THE PROBLEM — Line by line, return the listing exactly, without any of the images.

-------- PROVIDED INFORMATION

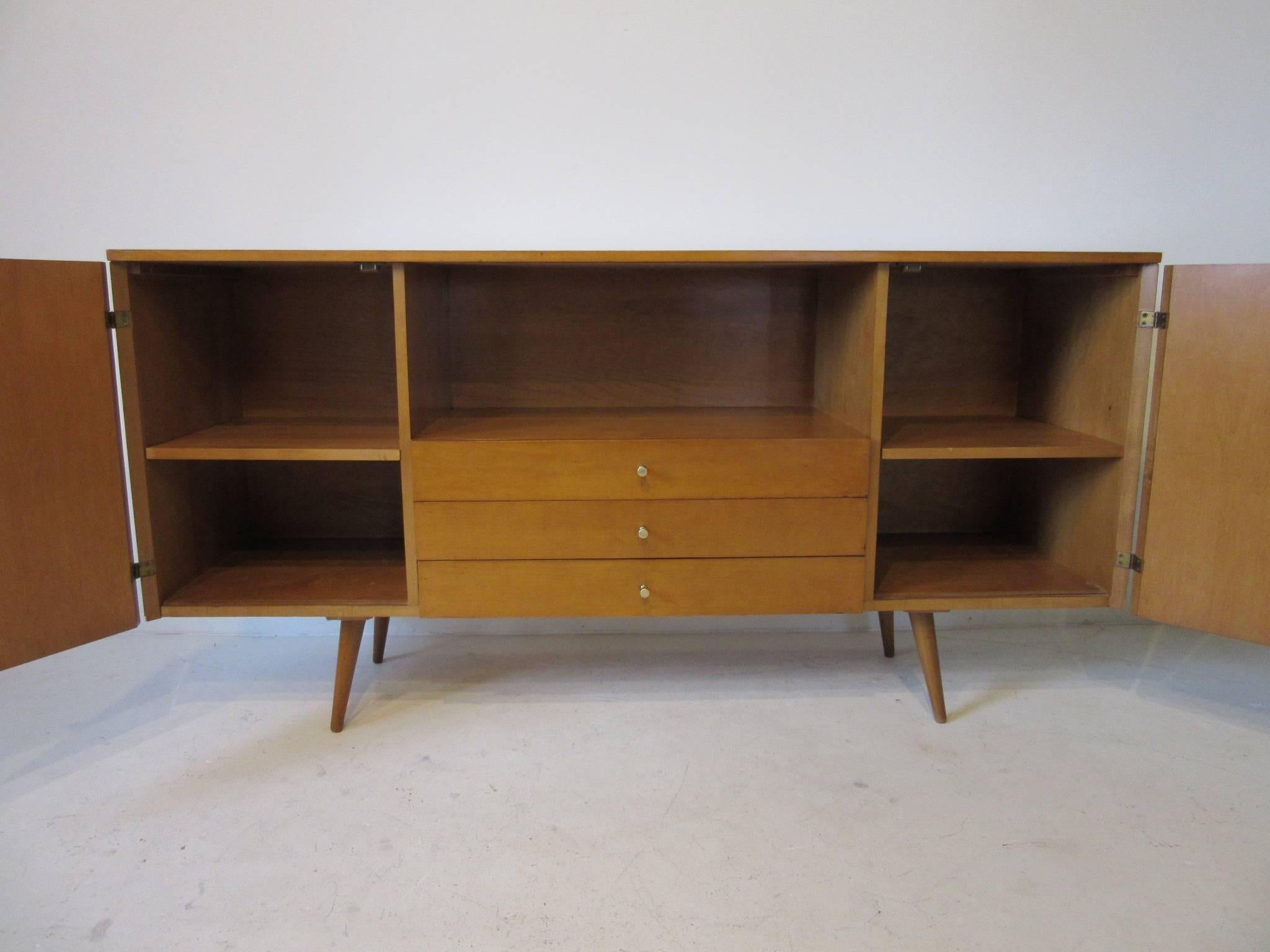 A McCobb credenza or server in a solid maple wood with two doors, adjustable shelves, three middle drawers , brass pulls and an open storage area all sitting on conical legs. A hard form to find which could be used as a entertainment unit, server or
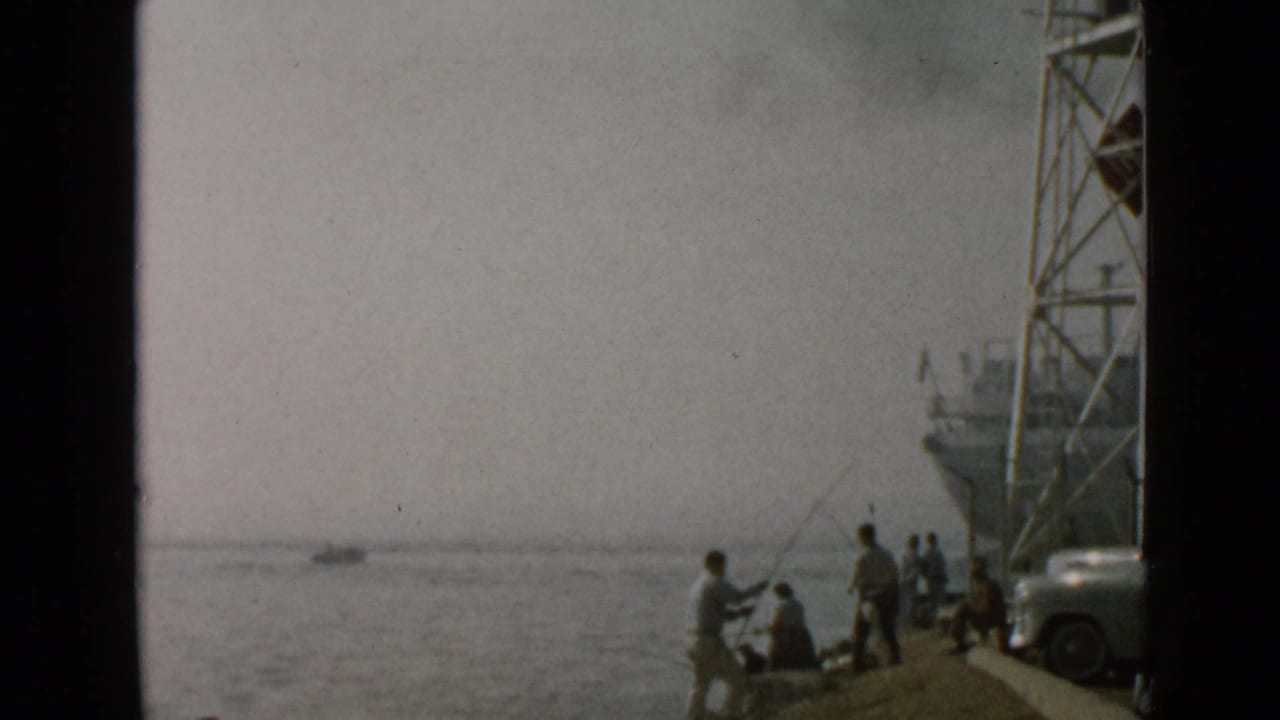 1949 San Diego home-movie frame showing anglers on a pier, a docked ship, calm water, and a rounded car at the edge.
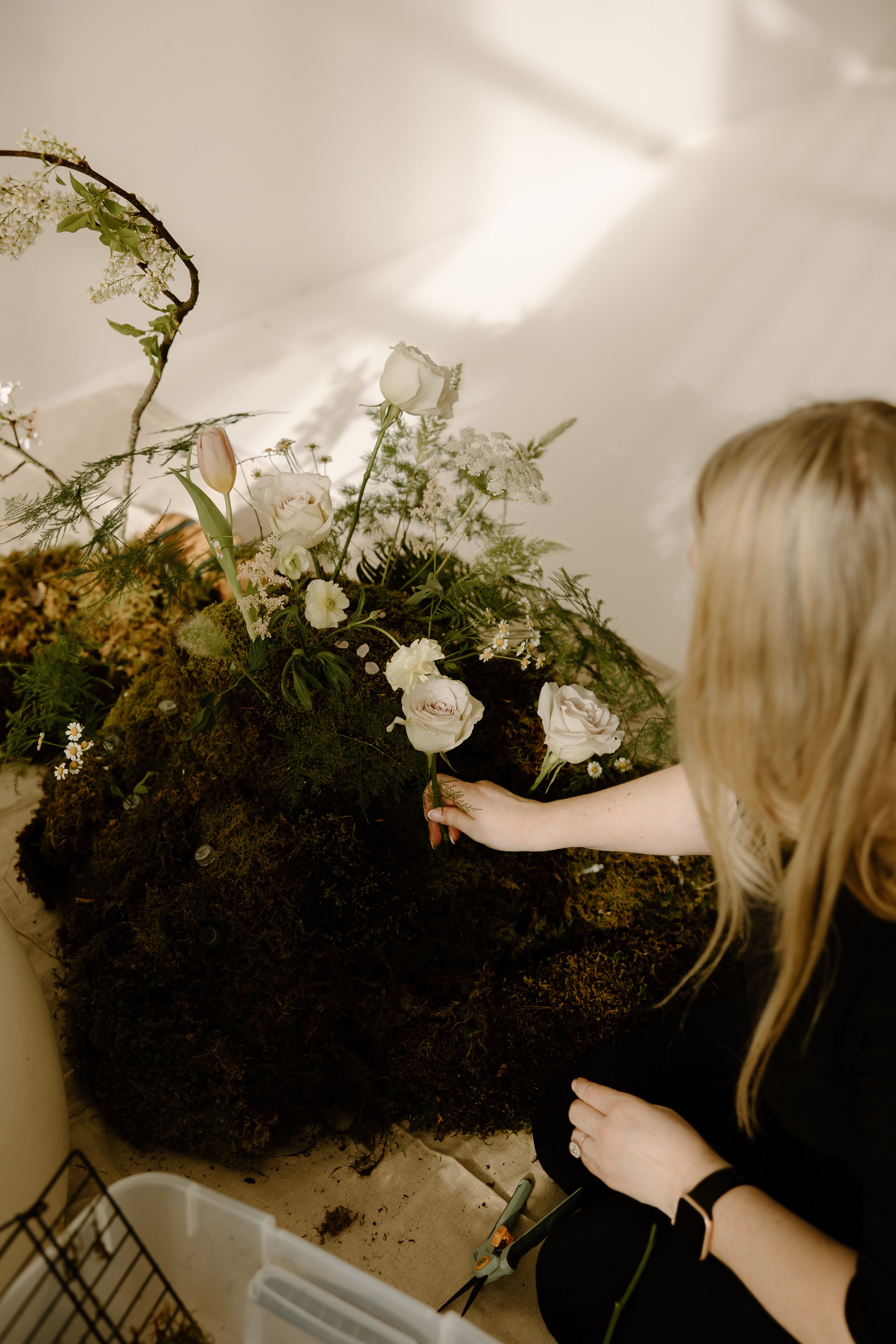 Floral designer Amber Engelhardt placing botanicals within a moss-covered floor installation created for an editorial photoshoot in Portland, Oregon. Photo by Kay Gilgan Photography.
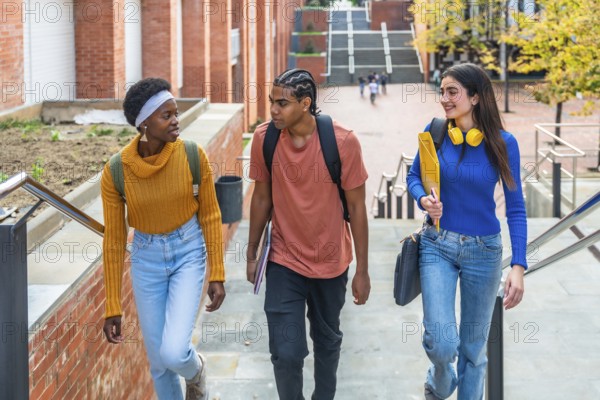 Diverse group of university students walking down outdoor stairs with books and backpacks, chatting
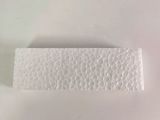 a piece of white paper on a white surface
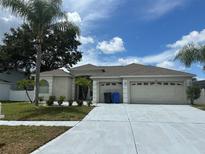 Charming single-story home with a three-car garage, well-manicured lawn, and mature palm trees at 2816 Pankaw Ln, Valrico, FL 33596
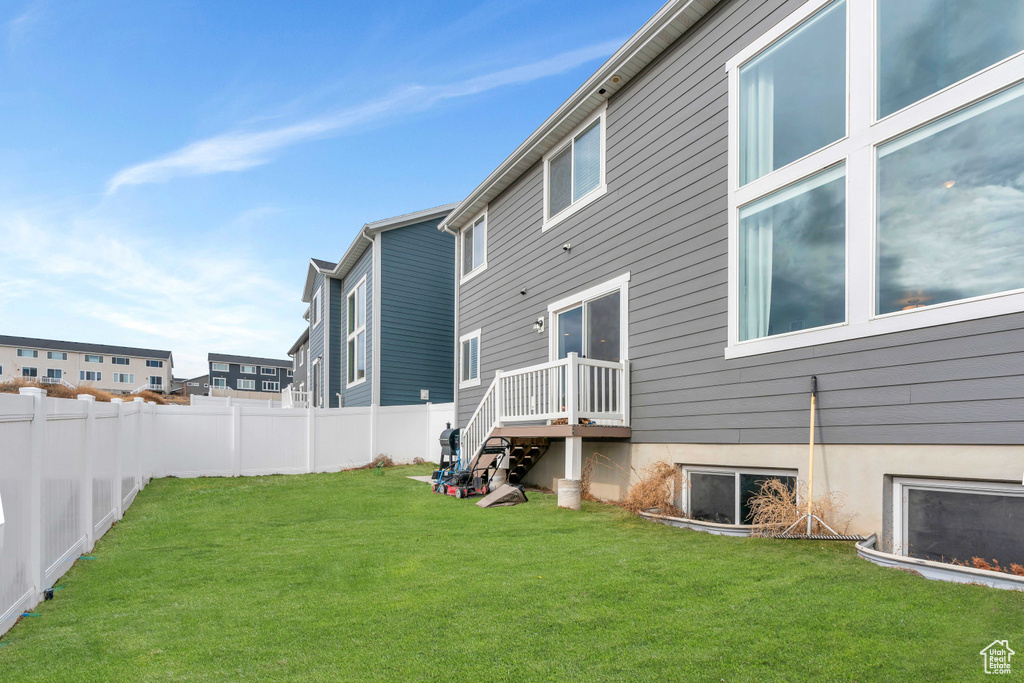 Rear view of property with a yard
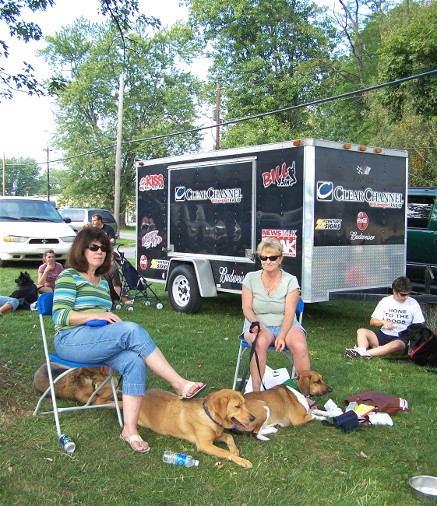 three people sitting in chairs next to two large dogs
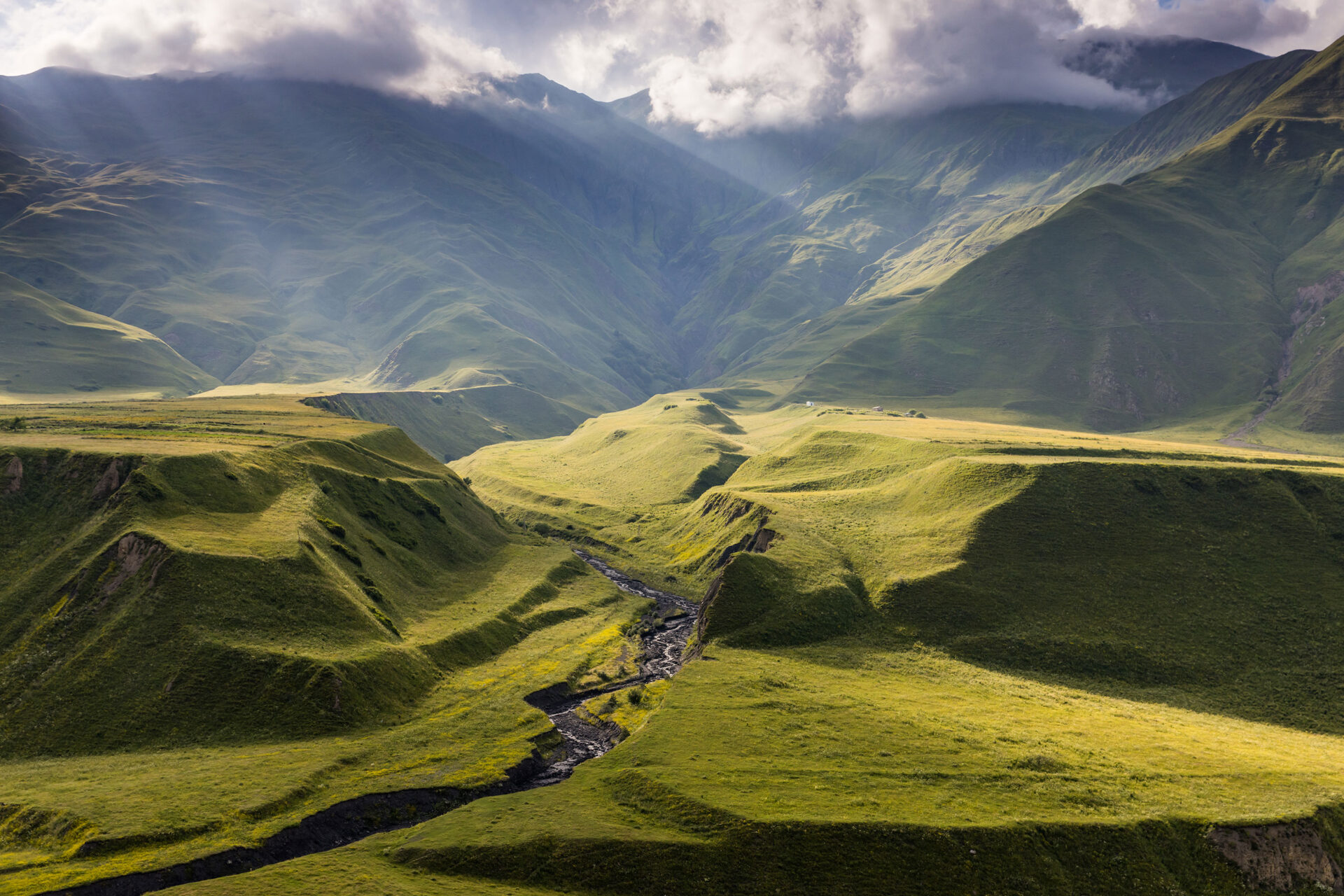 Sunlight hitting a green valley in the Kazbegi area of Georgia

----------------

ANSWER SPACE —
 A McCobb credenza or server in a solid maple wood with two doors, adjustable shelves, three middle drawers , brass pulls and an open storage area all sitting on conical legs. A hard form to find which could be used as a entertainment unit, server or
 1949 San Diego home-movie frame showing anglers on a pier, a docked ship, calm water, and a rounded car at the edge.
 Floral designer Amber Engelhardt placing botanicals within a moss-covered floor installation created for an editorial photoshoot in Portland, Oregon. Photo by Kay Gilgan Photography.
 Diverse group of university students walking down outdoor stairs with books and backpacks, chatting
 a piece of white paper on a white surface
 Charming single-story home with a three-car garage, well-manicured lawn, and mature palm trees at 2816 Pankaw Ln, Valrico, FL 33596
 Rear view of property with a yard
 three people sitting in chairs next to two large dogs
 Sunlight hitting a green valley in the Kazbegi area of Georgia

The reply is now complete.